A local board can investigate immediately. By contacting complainants (or hearing them at meetings), it can hear local accounts directly, respond personally, and be seen by the public to do that, yet keep sensitive personnel information confidential. As Nissen heard one Albuquerque citizen say at a meeting, “At least we know now who to contact. We have a channel of communication with the police.”

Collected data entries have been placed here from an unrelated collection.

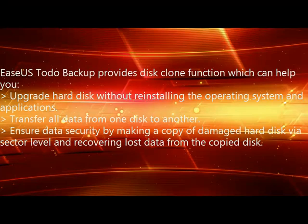Welcome to watch this video. This video is about disk clone of Todo Backup.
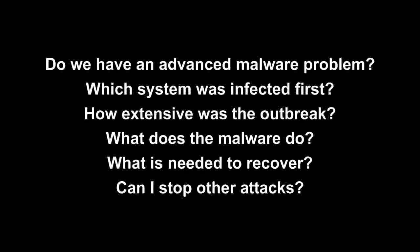FireAMP can help answer all of these questions, but for this video we're going to focus on FireAMP's Outbreak Control capability. It's one of the core features that you can use to contain and remediate problems after an advanced malware attack.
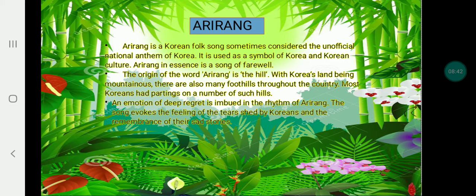Arirang is an example of a folk song in Korea. Arirang is a Korean folk song sometimes considered an unofficial national anthem of Korea. It is used as a symbol of Korea and Korean culture. Arirang is an essence of the song of Paran, and the origin of the word Arirang relates to the heart. There are many regional versions throughout the country, and most Koreans have a deep emotional connection to it. An emotion of deepness is embedded in the rhythm of Arirang. The song evokes feelings of fierce pride, longing, and the remembrance of shared history.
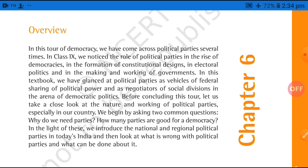In this tour of democracy, as we have seen from class 9th, we are on the journey of democracy. We have covered a long portion of democracy in this whole session over the last two years. So we have come across political parties several times. We have noticed that in class 9th, the role of political parties is central in democracies.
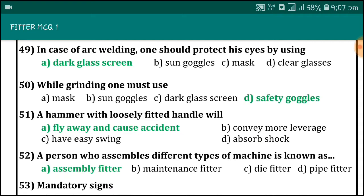A hammer with a loosely fitted handle will fly away and cause an accident. A person who assembles different types of machines is known as an assembly fitter.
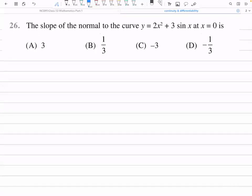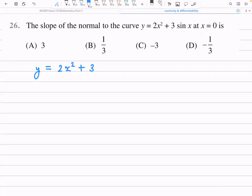This is question number 26 on tangent and normal. The question is: find the slope of the normal to the curve. The equation of the curve is y = 2x² + 3sin x. We have to find the slope of the normal.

I work with police officers. Many are fine individuals who show real concern for the public. Seems some aren’t. Or get overly excited under pressure. Overall, the record now demands action, and the most constructive action available is an oversight board that can help resolve complaints, improve training, facilitate communications, ensure bad apples are trained better or tossed, clear up misunderstandings, and help build trust between officers and citizens. Members should neither believe everything said by officers nor be biased against them. (Paying police more might help, too.)

In many cities, such boards have made great improvements. For a small fraction of what Las Cruces [we] will pay Sam Bregman and the Bacas.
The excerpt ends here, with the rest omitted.